I use AI to make product ideas more concrete earlier. Sometimes that means a clickable prototype. Sometimes it is a rough workflow, a small interface change, a clearer handover, or just a better way to test whether an idea makes sense before it becomes backlog work.

I also build things on the side to practise and learn. Some of it becomes useful, some of it is just for learning, but it helps me pick up new skills, understand technical concepts better, test my own thinking, and notice the details that make something harder than it first looked.

This is not about replacing engineering. It is about reducing the translation work between an idea and something the team can react to. A vetted prototype, rough as it may be, lets the team feel the function early, spot logic gaps, and discuss edge cases against something real.

I have no ego about the prototype code. It can be deleted and rebuilt properly once the logic is proven. The value is in the learning you get before expensive work starts.

Operational empathy

I do not draw a hard line between external customers and internal colleagues.

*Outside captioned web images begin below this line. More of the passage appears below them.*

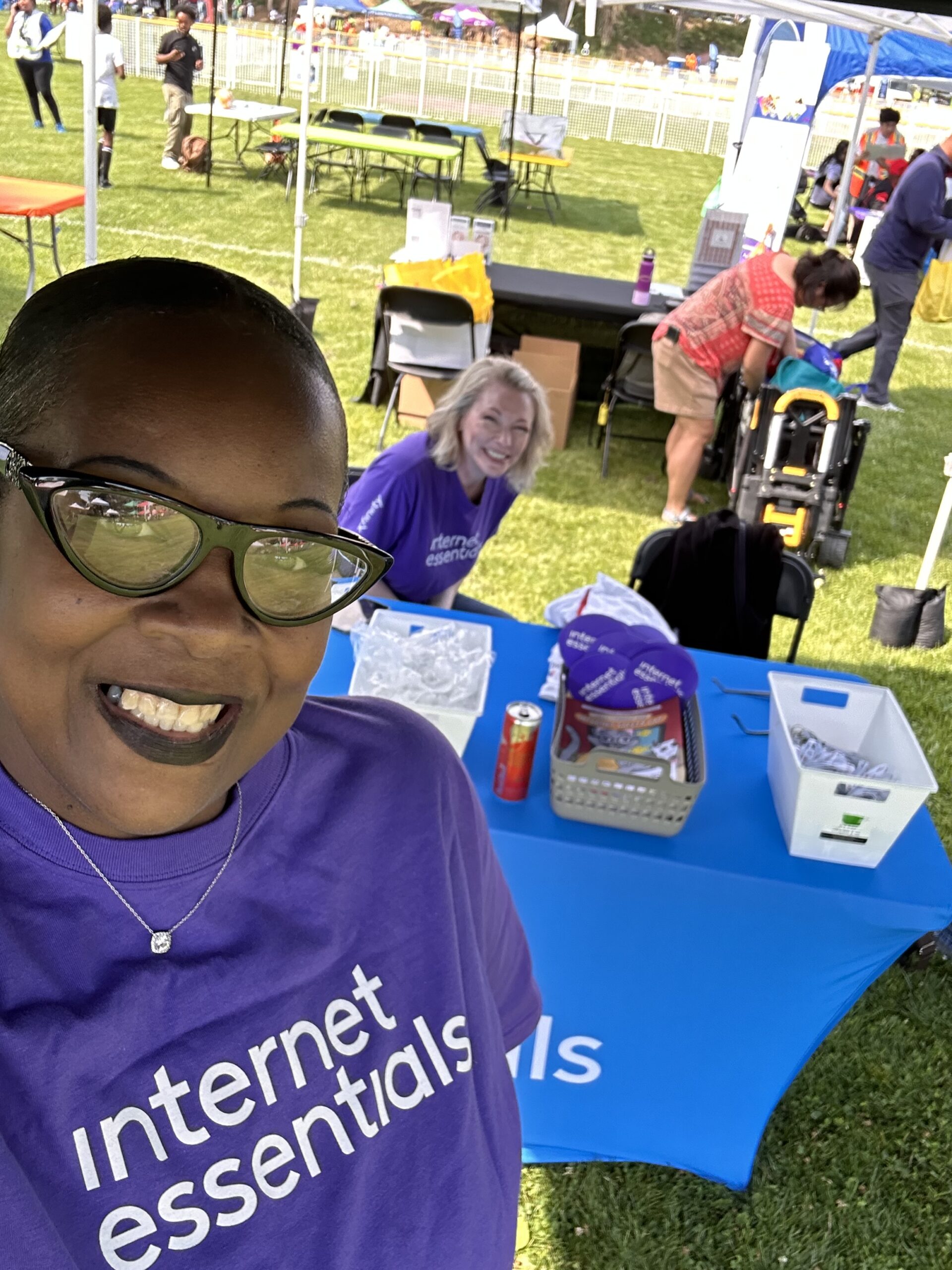 Comcast volunteers at an Internet Essentials table.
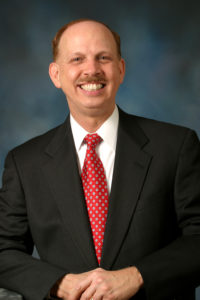 Author Headshot in dark grey suit and red tie with arms folded smiling in front of dark background
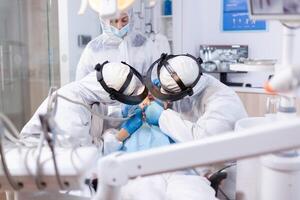 Little girl during dentist visit getting oral hygine treatment from dentistiry team. Stomatology team wearing ppe suit during covid19 doing procedure on child teeth. photo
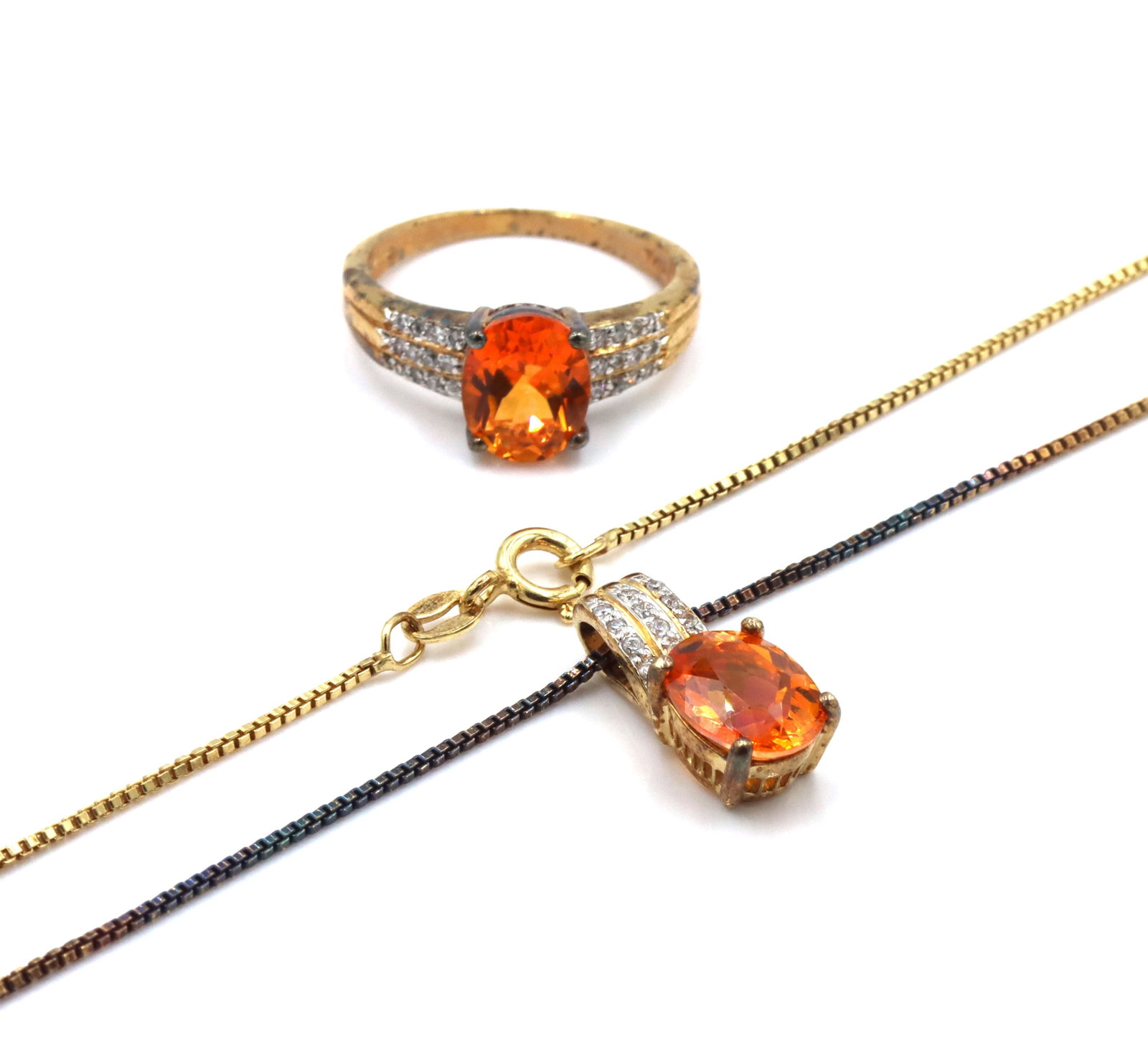Set of 925 sterling silver orange stone pendant on Italian box chain necklace and matching ring: Set of 925 sterling silver orange stone pendant on 18-inch Italian box chain necklace and matching ring. Total weight of the set is 9.9 grams. Ring size 10.25".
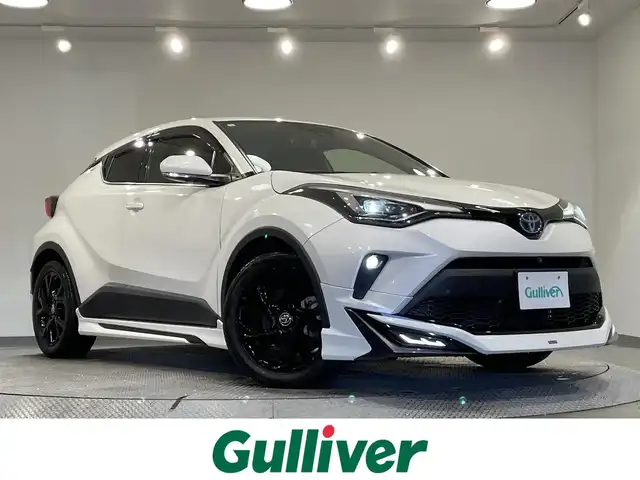 トヨタ Ｃ－ＨＲ G モード ネロ セーフティプラス 愛知県 2020(令2)年 8.4万km ホワイトパールクリスタルシャイン モデリスタエアロ F/S/R/純正DAナビ/全方位カメラ/純正ETC/シートヒーター/トヨタセーフティーセンス/アダクティブクルーズコントロール/衝突軽減ブレーキ/ブラインドスポットモニター/車線逸脱警報/標識検知機能/先行車発進お知らせ機能/LEDヘッドライト/フォグランプ/オートハイビーム/オートブレーキホールド/電子サイドブレーキ/スマートキー/プッシュスタート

A product usually depends on a lot of work behind the screen, so I pay attention to the manual steps, unclear decisions, and repeated checks that quietly make the organisation slower.

That is the work I find most satisfying: a fraud investigation tool that reduces noise, a decision flow that helps support avoid unnecessary escalations, a batch process that removes repetitive clicks, or a calculator that makes shipping easier.

I care about what gets shipped, but I also care about how much friction has been removed from the system.


How I work

I usually start by looking at where reality is breaking down and what the smallest useful change might be. I prefer working with engineering and design early rather than arriving with a fixed answer.

I am comfortable enough in technical discussions to ask useful questions and understand constraints. I also know the limits of AI, including security risks and architectural debt. That helps me talk with developers without pretending that rough discovery code is the same as production code.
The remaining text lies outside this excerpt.